Repeat the data exactly. Pictures are not part of the copy.

=-=-=

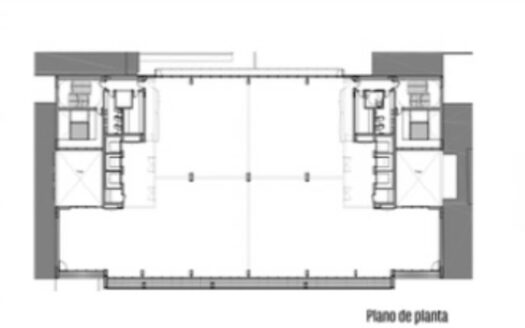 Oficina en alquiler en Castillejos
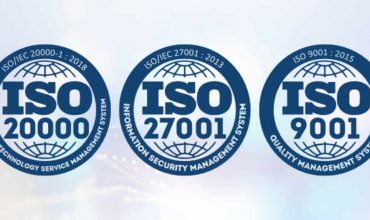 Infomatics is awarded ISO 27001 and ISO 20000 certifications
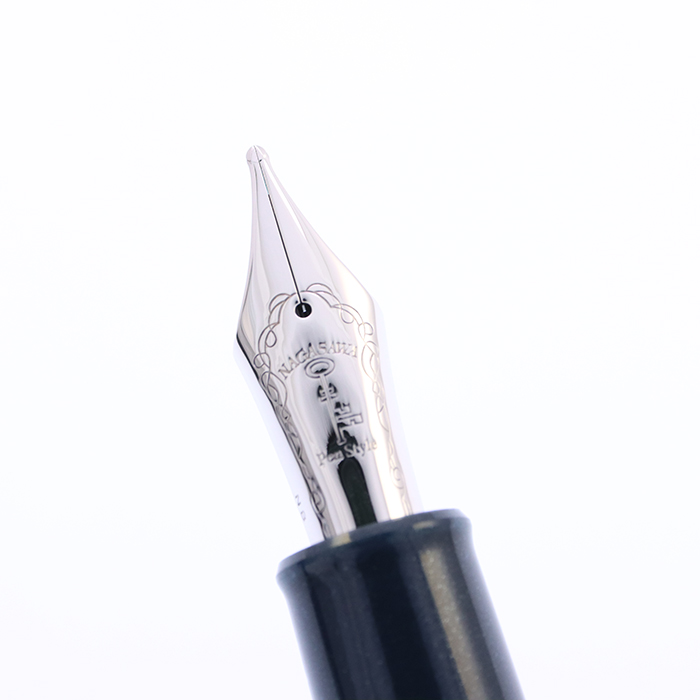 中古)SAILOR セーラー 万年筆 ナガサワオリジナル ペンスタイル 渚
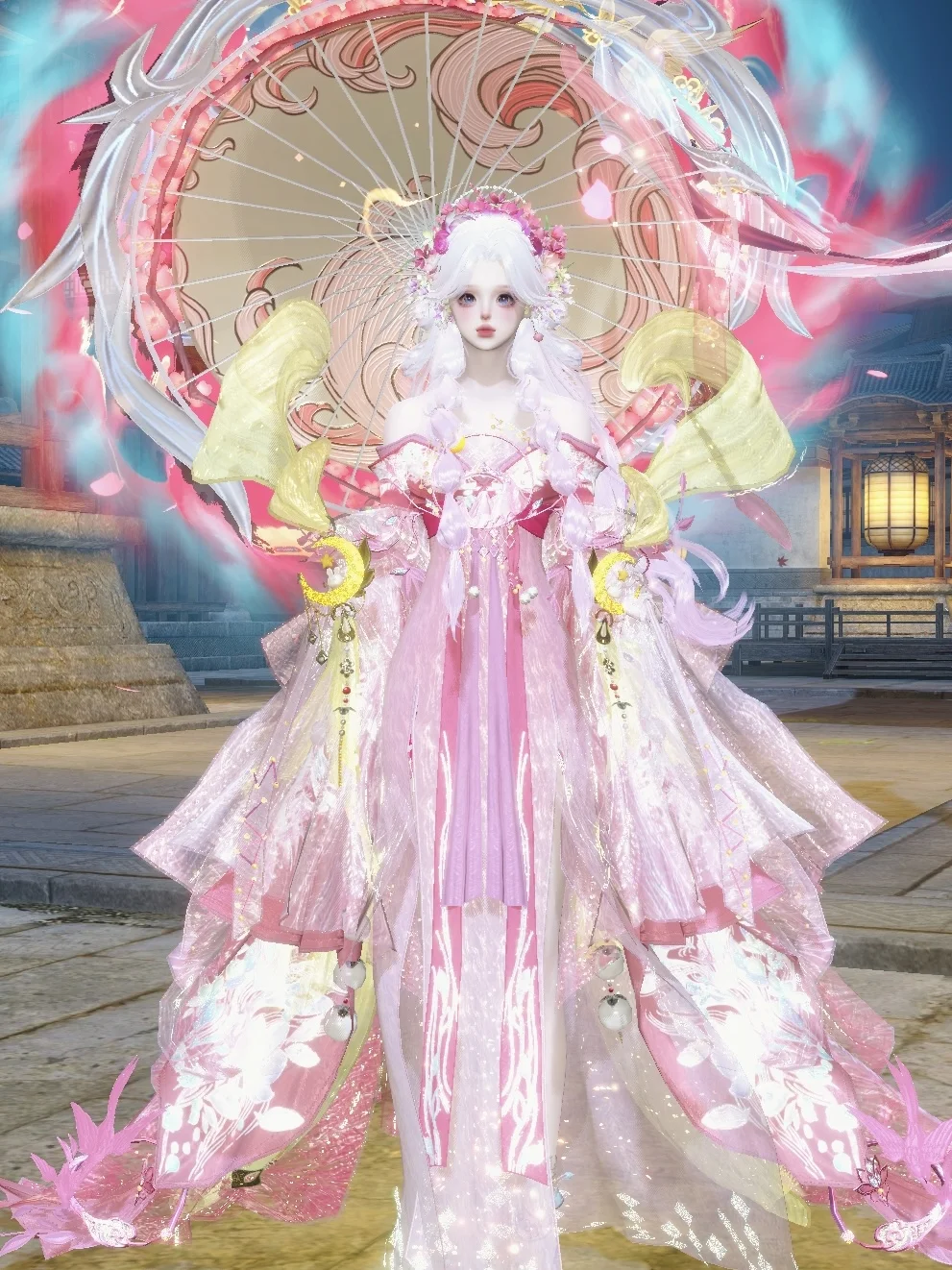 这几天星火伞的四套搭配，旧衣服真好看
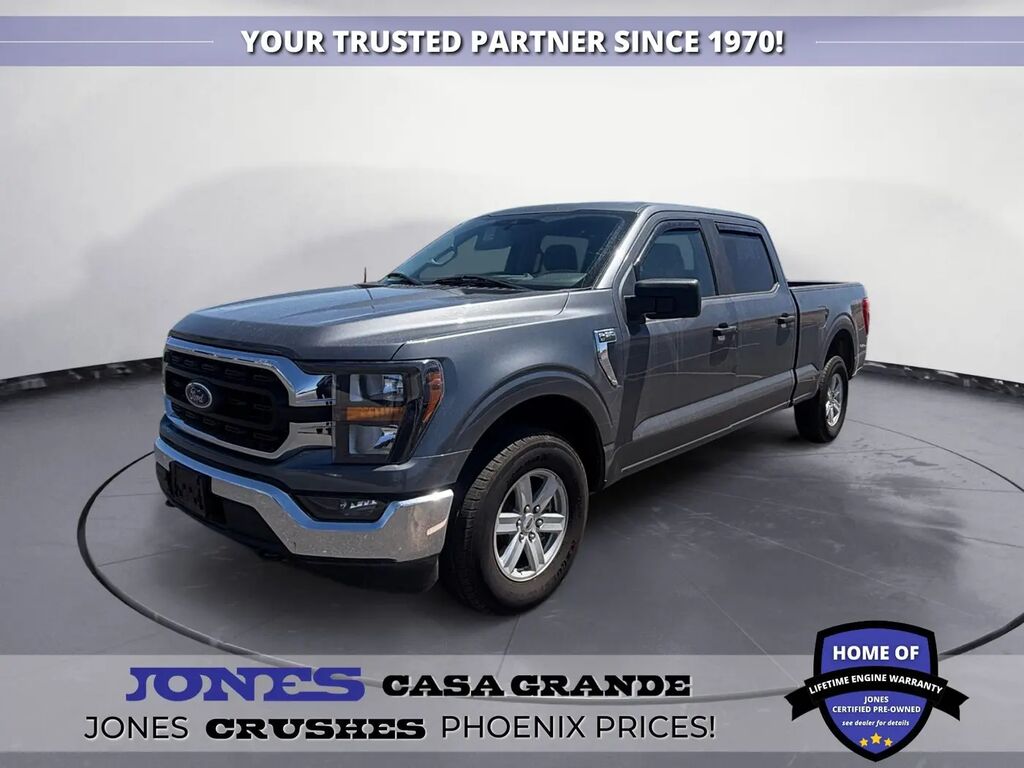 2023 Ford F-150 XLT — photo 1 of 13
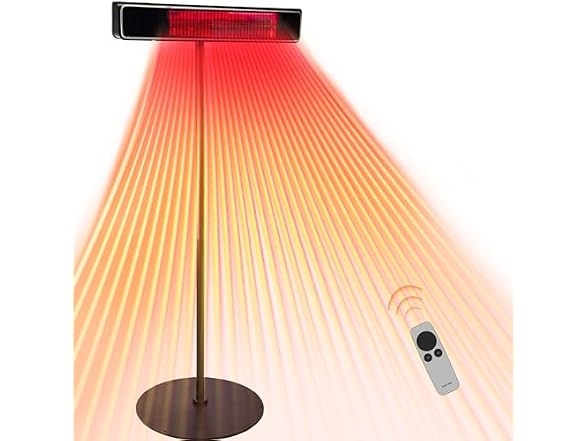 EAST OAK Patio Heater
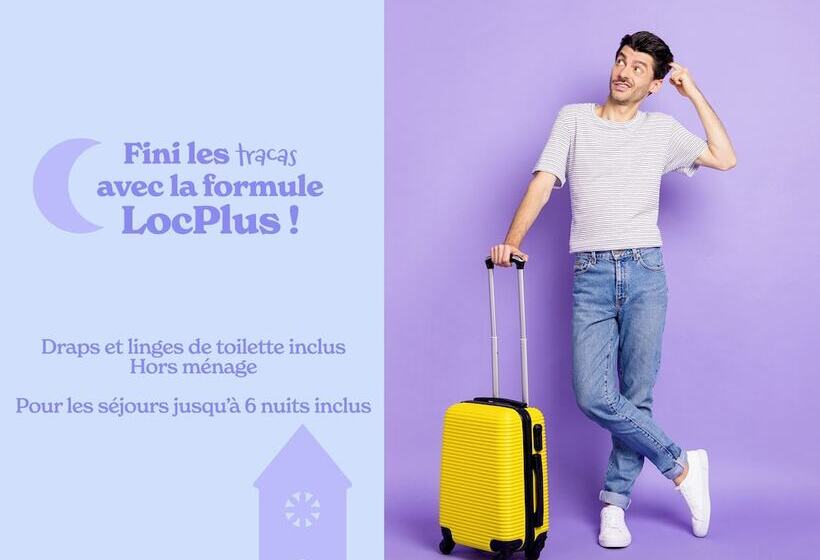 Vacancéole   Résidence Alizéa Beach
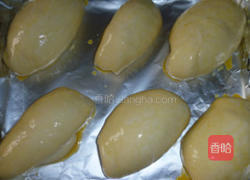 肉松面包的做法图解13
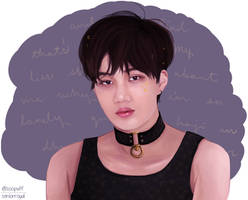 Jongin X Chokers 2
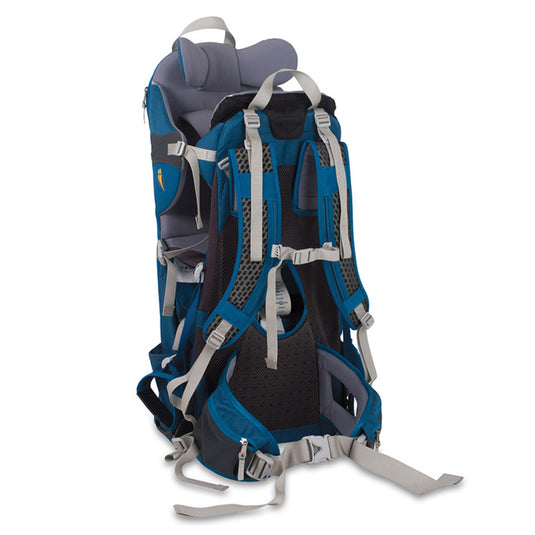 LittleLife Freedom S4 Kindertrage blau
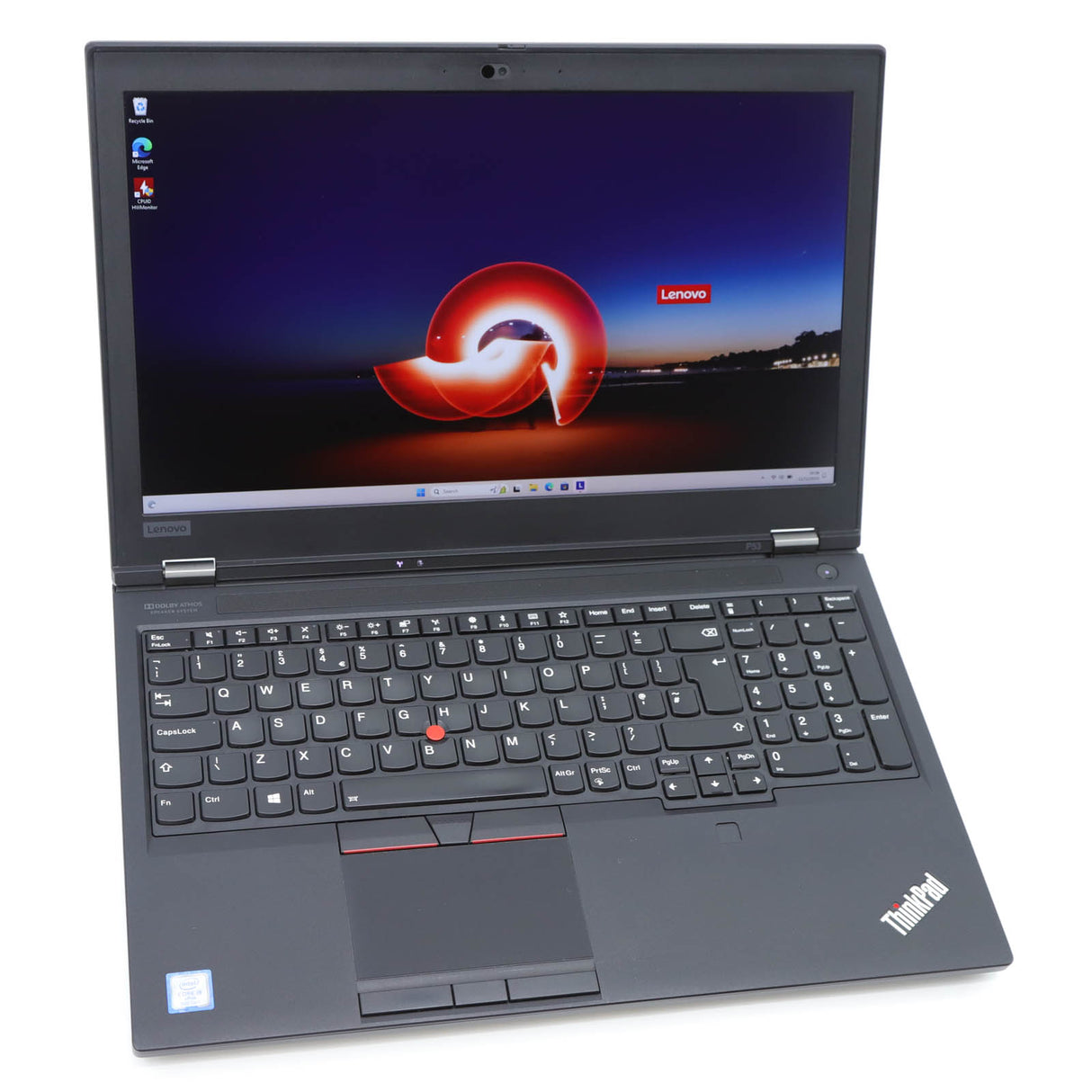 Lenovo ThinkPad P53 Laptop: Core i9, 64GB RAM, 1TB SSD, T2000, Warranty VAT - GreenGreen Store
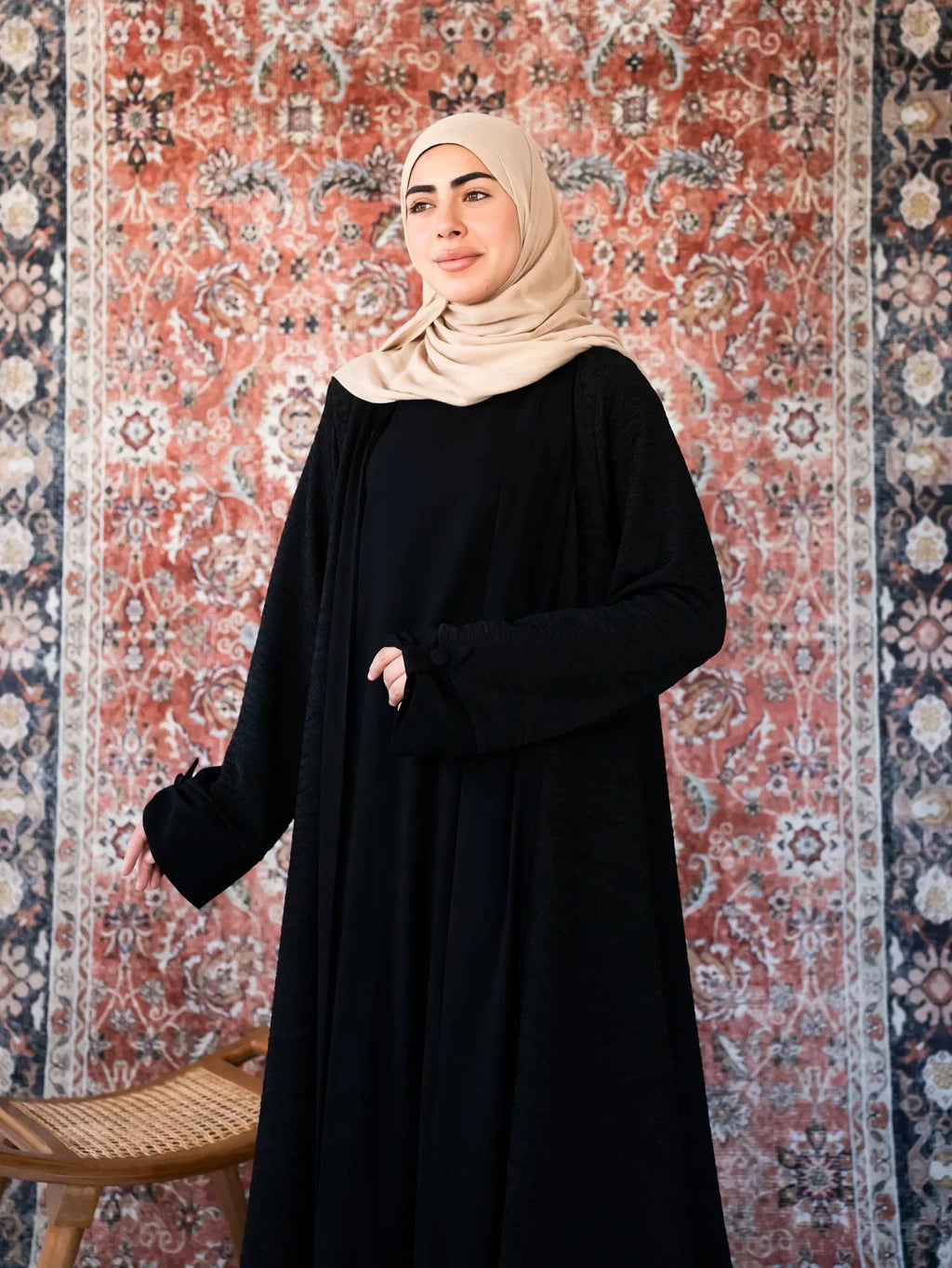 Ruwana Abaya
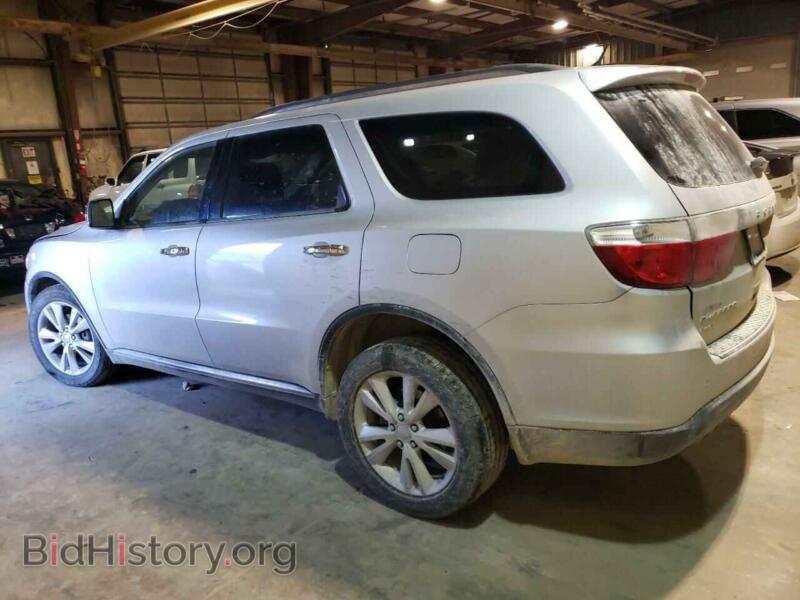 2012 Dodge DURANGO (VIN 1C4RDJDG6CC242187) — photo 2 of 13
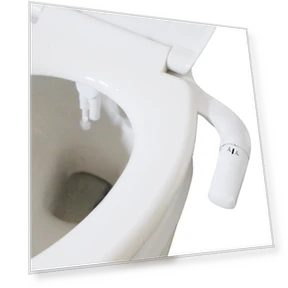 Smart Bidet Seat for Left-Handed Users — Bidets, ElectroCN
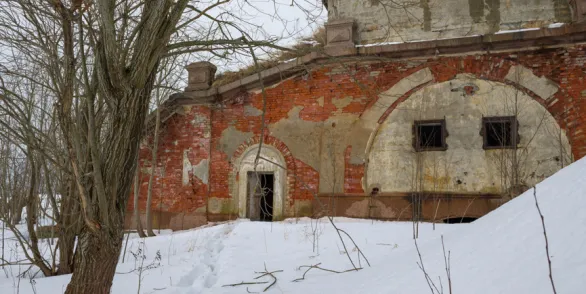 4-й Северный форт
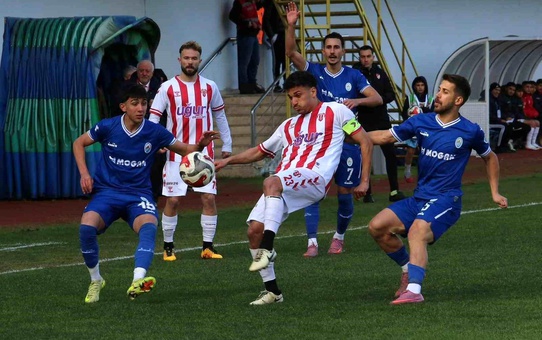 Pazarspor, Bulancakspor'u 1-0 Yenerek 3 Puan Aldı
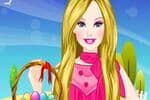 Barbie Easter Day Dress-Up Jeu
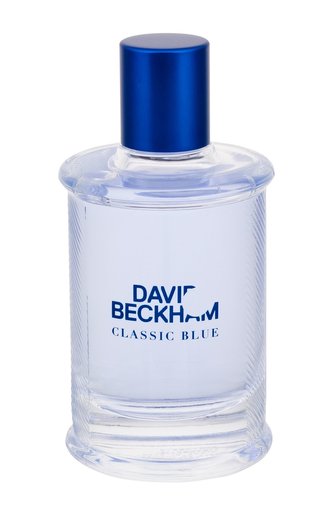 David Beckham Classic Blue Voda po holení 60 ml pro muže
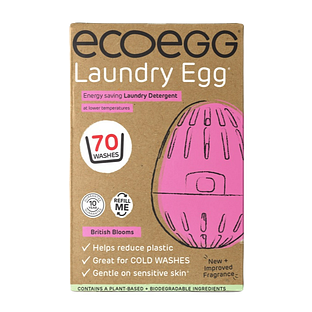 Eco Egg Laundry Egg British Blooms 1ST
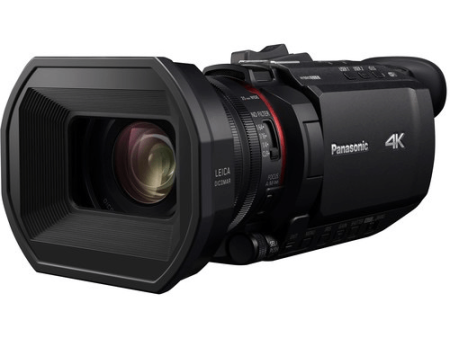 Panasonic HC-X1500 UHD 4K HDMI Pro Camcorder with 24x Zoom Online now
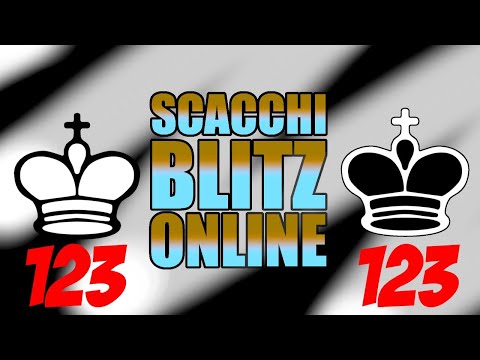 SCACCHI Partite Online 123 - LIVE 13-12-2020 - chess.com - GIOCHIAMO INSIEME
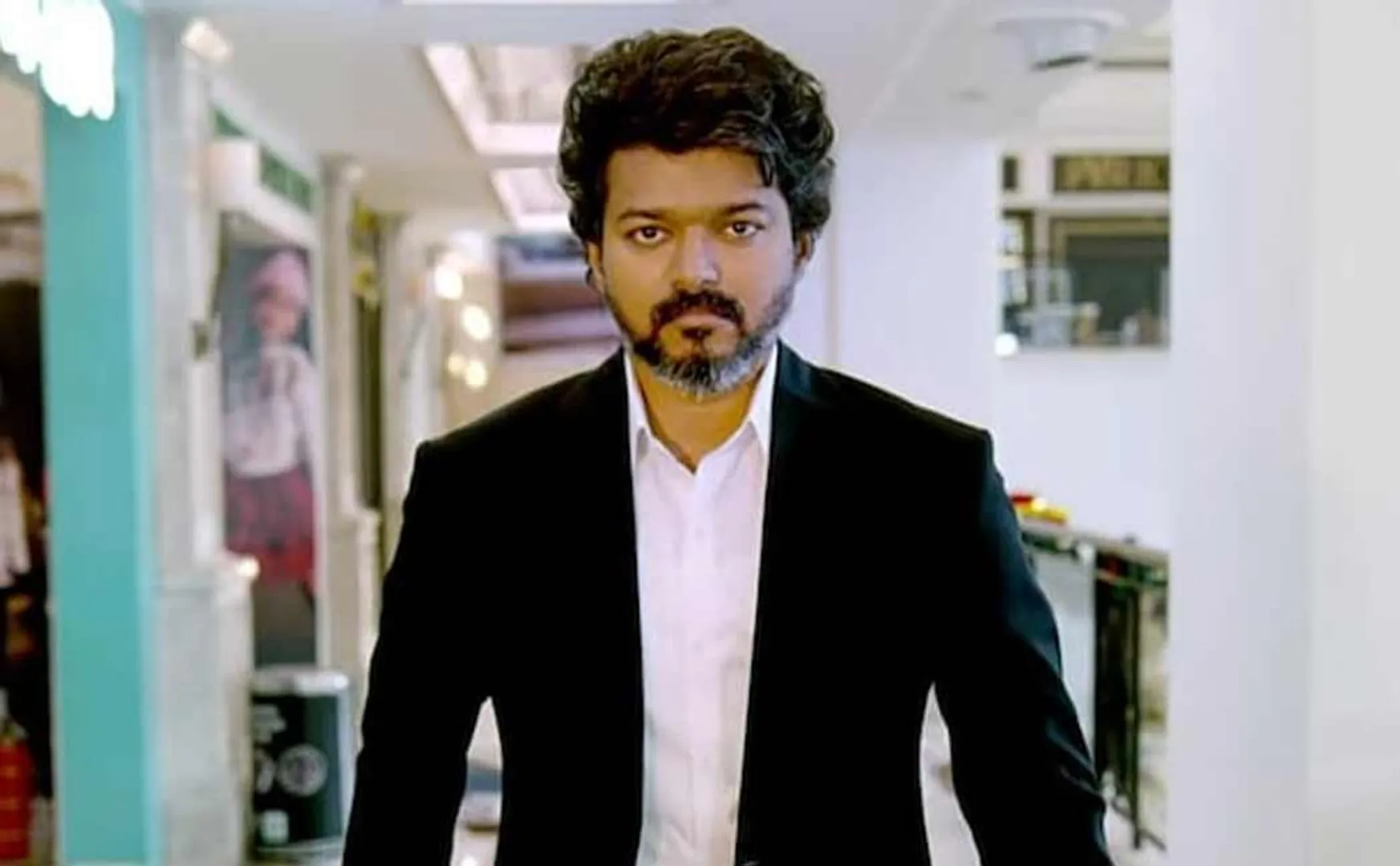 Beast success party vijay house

=-=-=

RESPONSE AREA:
 Oficina en alquiler en Castillejos
 Infomatics is awarded ISO 27001 and ISO 20000 certifications
 中古)SAILOR セーラー 万年筆 ナガサワオリジナル ペンスタイル 渚
 这几天星火伞的四套搭配，旧衣服真好看
 2023 Ford F-150 XLT — photo 1 of 13
 EAST OAK Patio Heater
 Vacancéole   Résidence Alizéa Beach
 肉松面包的做法图解13
 Jongin X Chokers 2
 LittleLife Freedom S4 Kindertrage blau
 Lenovo ThinkPad P53 Laptop: Core i9, 64GB RAM, 1TB SSD, T2000, Warranty VAT - GreenGreen Store
 Ruwana Abaya
 2012 Dodge DURANGO (VIN 1C4RDJDG6CC242187) — photo 2 of 13
 Smart Bidet Seat for Left-Handed Users — Bidets, ElectroCN
 4-й Северный форт
 Pazarspor, Bulancakspor'u 1-0 Yenerek 3 Puan Aldı
 Barbie Easter Day Dress-Up Jeu
 David Beckham Classic Blue Voda po holení 60 ml pro muže
 Eco Egg Laundry Egg British Blooms 1ST
 Panasonic HC-X1500 UHD 4K HDMI Pro Camcorder with 24x Zoom Online now
 SCACCHI Partite Online 123 - LIVE 13-12-2020 - chess.com - GIOCHIAMO INSIEME
 Beast success party vijay house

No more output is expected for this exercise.